The Borough Council recently agreed to a request from the fire company to hire an engineer to review the structural integrity of the building to determine whether it could accommodate an expansion.
"The goal is to have it looked at, in the event the council decides to renovate or add as opposed to knocking it down and rebuilding it on the spot," said Colucci, liaison to the Fire Department.
An exploratory committee has been working on making the firehouse compliant with changes in state and federal regulations since 2006, DeCarlo said.
Robbie Conley, an architect from Gloucester County, submitted a needs assessment and deficiency study of Engine Company 2 last year.
The report said the engine company has a limited ability to meet the current and future needs of the community and called the lack of administrative and house space "unacceptable."
Among the firehouse's shortcomings, according to the report, are a cramped engine bay apparatus area, insufficient storage space for turnout gear and no secure space to store hazardous materials.
Space is so tight that firefighters change into their gear about five feet away from the ladder truck, creating an unsafe environment for firefighters who inhale exhaust fumes and are in close proximity to a moving vehicle, DeCarlo said.
The report recommended that the borough hire an engineer to inspect the cracks and determine the structural soundness of the northern wall.
The department should explore major renovations or replacement of the facility to meet the need, the report said. Conley recommended a new building.

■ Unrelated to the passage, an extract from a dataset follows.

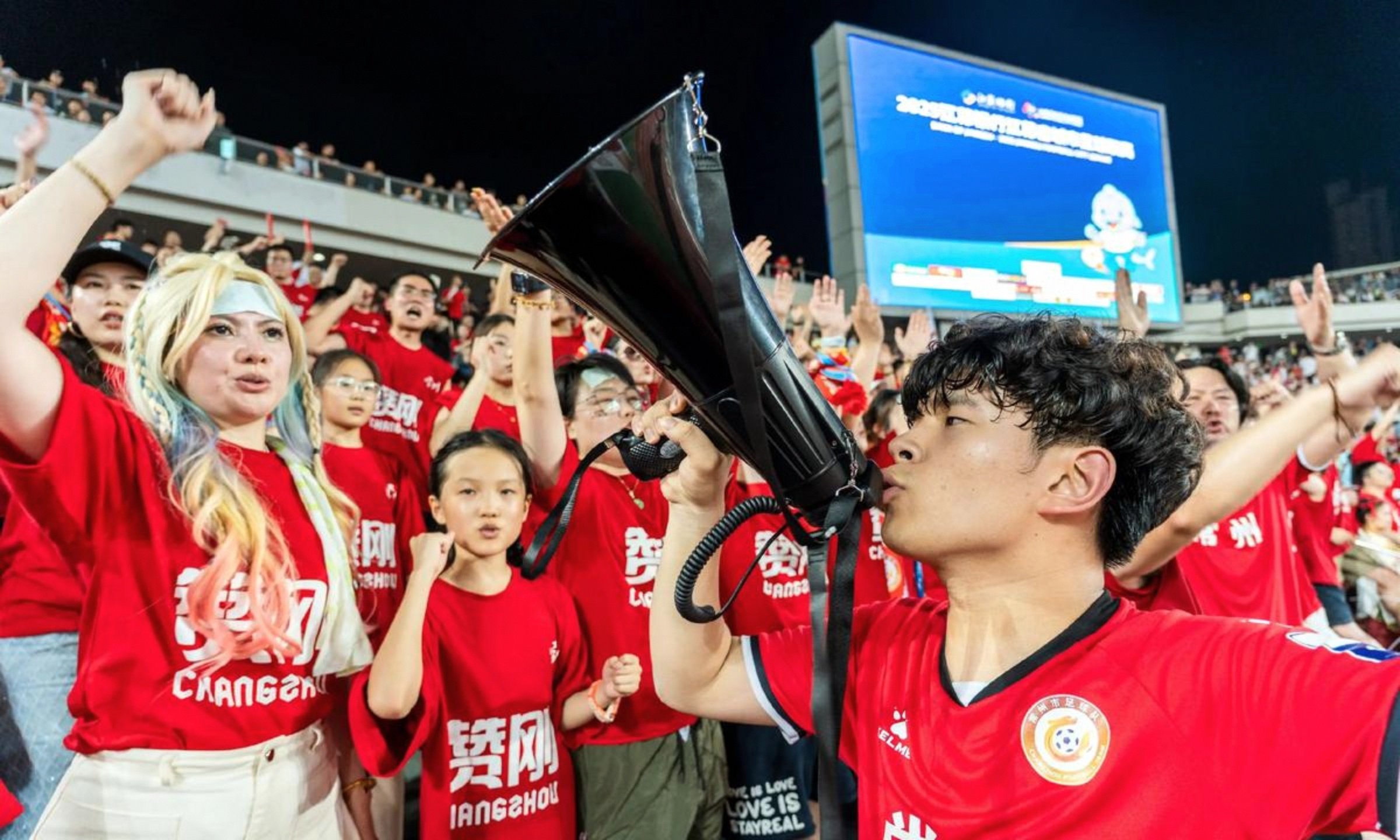 关于赛地聚焦——中超加时末段热度飙升；巴塞罗那刷新队史纪录；震撼外界；身体对抗强度拉满的信息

The report included five possibilities for renovating the facility, with construction costs ranging from $2 million to $2.4 million.
The issue was tabled for a short period as the elections brought two new council members and a new mayor into office. Colucci reintroduced the issue.
Mayor Ann Subrizi said at a recent meeting that she favors putting all the emergency services — fire, police and emergency medical — into one building but there isn't much available space for a new building.
The other problem is money.
"A few years ago, we were looking for $2.3 million to complete the project and that was completely out of our reach," the mayor said of the firehouse.
Colucci agreed that money is a concern.
"I know every taxpayer in this town is hard-pressed right now. They don't want their taxes going up," he said. "That's why I want to look at the renovation possibilities here."